■ EXERCISE DIRECTIONS
Output, word for word, the lines of this listing that fall between the line with "Pokemon TCG Mega" and the line with "WARNING Eye Protection", counting both of those lines, and no others.

■ SUPPLIED MATERIAL
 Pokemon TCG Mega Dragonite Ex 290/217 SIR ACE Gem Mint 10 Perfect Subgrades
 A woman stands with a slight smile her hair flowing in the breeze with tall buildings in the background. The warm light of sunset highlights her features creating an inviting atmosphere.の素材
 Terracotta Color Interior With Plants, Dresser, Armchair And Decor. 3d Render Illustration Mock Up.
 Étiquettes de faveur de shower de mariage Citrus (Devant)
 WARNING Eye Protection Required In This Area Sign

==

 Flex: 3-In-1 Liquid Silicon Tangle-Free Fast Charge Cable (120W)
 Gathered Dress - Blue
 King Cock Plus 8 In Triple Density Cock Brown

■ EXERCISE RESULT
 Pokemon TCG Mega Dragonite Ex 290/217 SIR ACE Gem Mint 10 Perfect Subgrades
 A woman stands with a slight smile her hair flowing in the breeze with tall buildings in the background. The warm light of sunset highlights her features creating an inviting atmosphere.の素材
 Terracotta Color Interior With Plants, Dresser, Armchair And Decor. 3d Render Illustration Mock Up.
 Étiquettes de faveur de shower de mariage Citrus (Devant)
 WARNING Eye Protection Required In This Area Sign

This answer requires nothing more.